Dass uns James Bond solchen Glaubensprüfungen immer gleich am Anfang unterzieht, macht ihn ehrlicher als die Konkurrenz. Je häufiger man z. B. die Filme des genialen Tüftlers Christopher Nolan sieht, der mit Inception (2010) und Tenet (2020) mindestens zwei verkappte Bond-Abenteuer gedreht hat, desto mehr fällt an ihnen auf, dass ihre virtuose Architektur einer Wahrscheinlichkeitssprüfung kaum standhält. Die Pläne des Jokers in The Dark Knight (2008) hängen an derart vielen Unwägbarkeiten, dass der Film eigentlich nur ein hervorragend inszeniertes Kartenhaus ist, das man aus sicherem Abstand bewundern, aber besser nicht anstupsen sollte. (Dass die Bond-Macher in Christopher Nolan einen Bruder im Geiste vermuten, merkt man übrigens daran, dass sie den Batman-Plot in Skyfall [2012, R: Sam Mendes] plagiieren.)

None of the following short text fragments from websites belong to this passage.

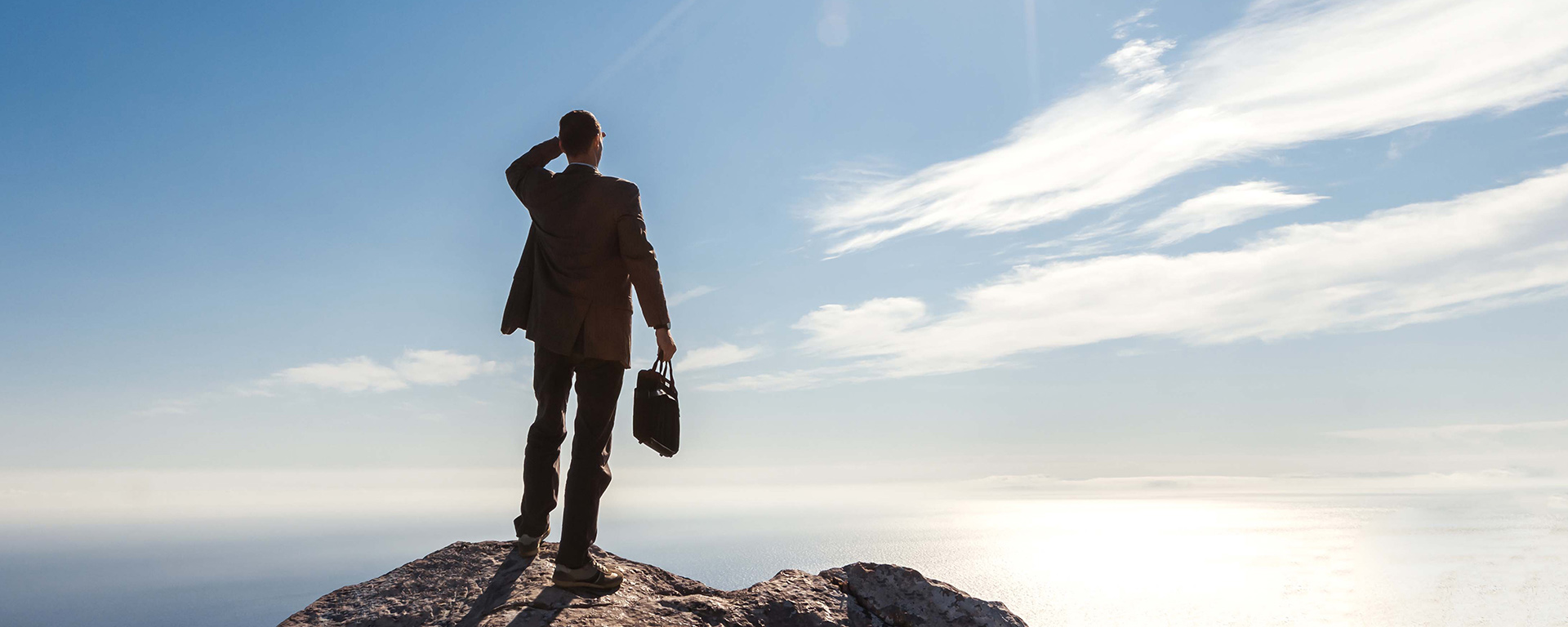Businessperson looking out from a mountaintop
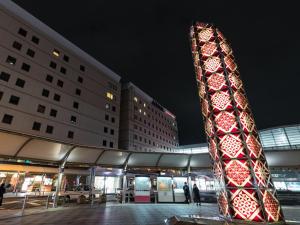 a tower in front of a building at night at JR Kyushu Hotel Kagoshima in Kagoshima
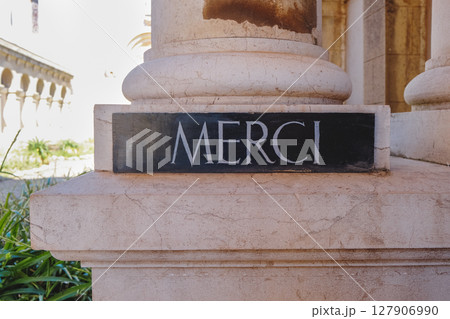 sign with the word merci at Lerins Abbey, France 127906990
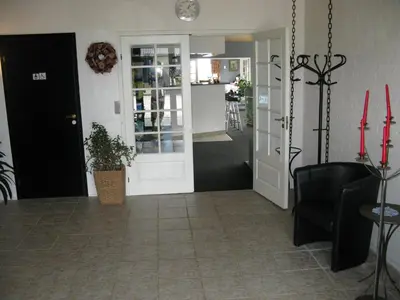 a living room with a door and a table and chairs at Motel Europa in Svenstrup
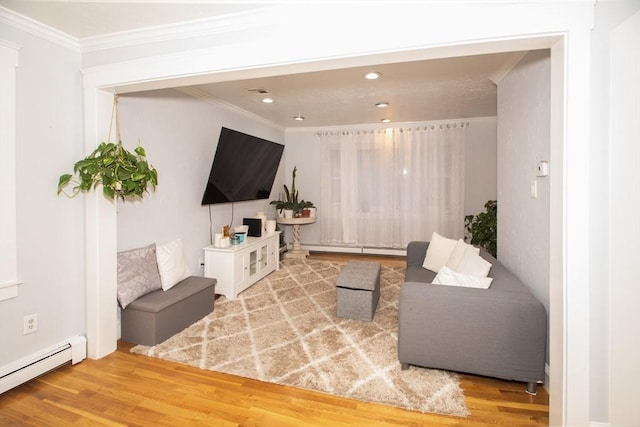 living room with crown molding, wood-type flooring, and a baseboard heating unit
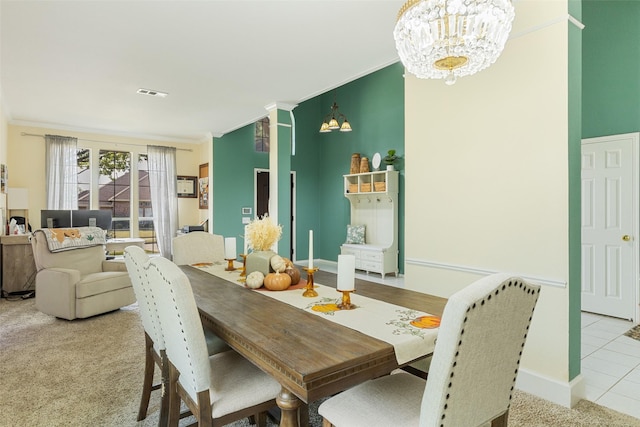 dining area with light colored carpet and an inviting chandelier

Und weil das Bond-Publikum eine vermeintlich wohlgeordnete Welt vorgesetzt bekommt, in der alles seinen Zweck erfüllt und jeder seinen Platz kennt, wäre es wohl auch müßig, darüber nachzudenken, was das überhaupt für ein Geheimagent sein soll, der immer schon am Flughafen oder im Hotel von seinen Gegnern erkannt wird und so diskret auftritt wie ein Elefant im Porzellanladen. Beispielsweise soll sich Roger Moore in seinem letzten Einsatz als James Bond in Im Angesicht des Todes (A View to a Kill, 1985, R: John Glen) inkognito auf das Anwesen von Max Zorin (Christopher Walken) einschleichen – zur Tarnung wählt er die Identität des flirtfreudigen Playboys »James St. John Smythe«, erscheint also zum Kostümfest verkleidet als er selbst, schläft mit der Gehilfin des Gegenspielers und wird binnen eines Tages enttarnt.